Even in a country as similar as the UK, even with a shared language, even after 15 years abroad, my friend was trying to tell me that an essential cultural gulf remained. He had never fully gotten there, and would never get there. Never to the same level of comfort that he had in the U.S.
As we walked down the dirt road toward his house in New Hampshire, he said he was very happy to be back living in this small corner of rural America. Happy, as he approached 70, not to be living in a permanent state of background-level alienation.
Stow and I had known each other for only a few years, but I considered him somewhat of a mentor. He’d taught me to project hard climbing routes at the cliffs, and he was also annoyingly successful in life: long marriage, recently retired from his own law practice, charming, frustratingly good-looking, in great shape, and still climbing just as hard (ok even harder) as me.

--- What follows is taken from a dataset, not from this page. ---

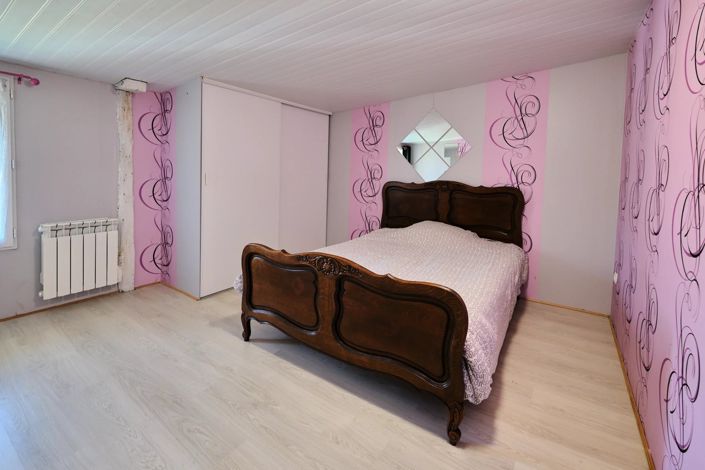 Image No.11-4 Bed House for sale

A goddamn inspiration, that one.
I’ve been in Spain for two years, long enough to get through the hard parts of moving abroad, long enough to feel some level of comfort about my environment. But when Stow told me the thing about the inability to share a joke with a gas station attendant in the UK, I started to wonder.

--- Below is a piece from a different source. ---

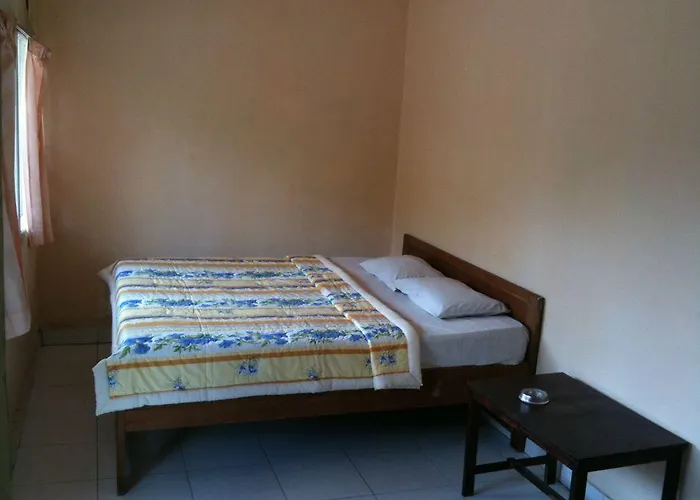 Astradana & Glamping 2*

What would Spain feel like after 15 years? Am I dooming myself to a permanent state of cultural alienation? Will I one day long to be back somewhere entirely my own, where even the smallest cultural cues are understood without a moment’s thought? What value should I place on that comfort vs. the growth that comes from discomfort?
We walked on down the dirt road. Stow was taking a trip to Spain himself soon, but there was still time to get out climbing together before that.
I.
Some days I worry what I’ve done with my life.

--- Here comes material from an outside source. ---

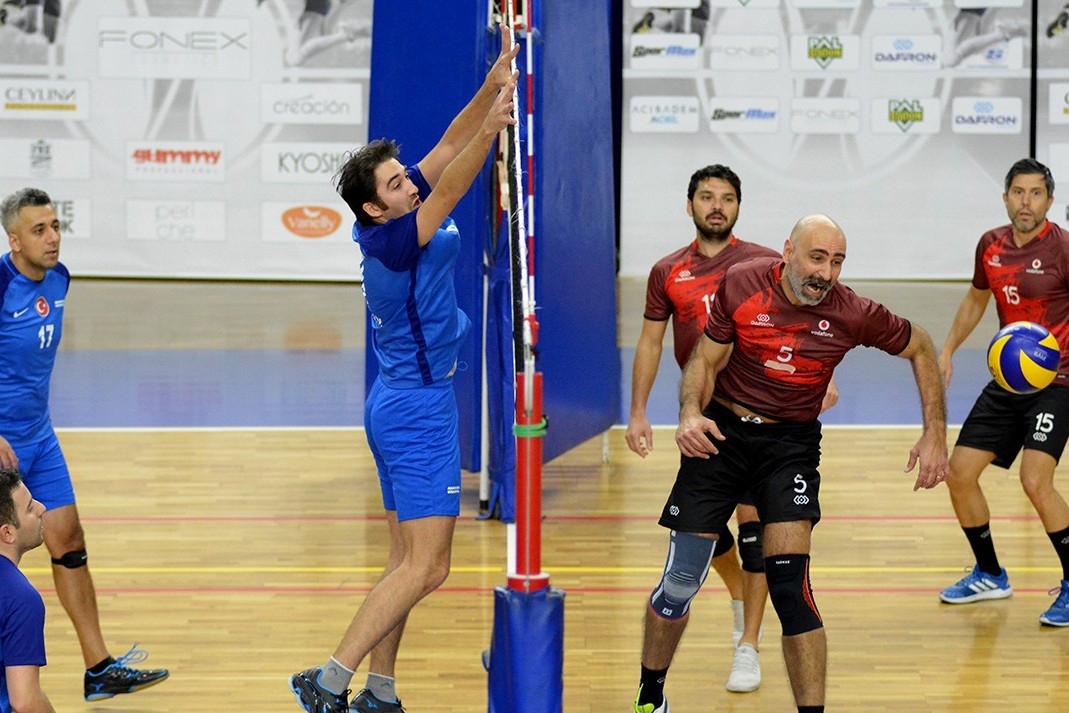 Vodafone 1-3 Anadolu Sigorta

I walk through the wide open streets of Sant Antoni, watching the throngs sipping beers on the tables in the street, the Mediterranean sun shining, the life of this beautiful city buzzing, and I can’t help but wonder: will this subtle, low-level background unease ever quite go away?
Since talking with Stow, I’ve become more attuned to it. It’s a feeling I want to recognize, not ignore. And I’m seeing it everywhere. In film, played for drama, on TV, played for laughs. In other writers I follow.
On The Next Chapter,
wrote recently about the feeling of being an outsider in the Italian countryside:In a village filled with plenty of other immigrants, it feels silly to declare myself as such. I’m not the only person who wasn’t born and raised here, but for a big part of the village, that is exactly what it feels like.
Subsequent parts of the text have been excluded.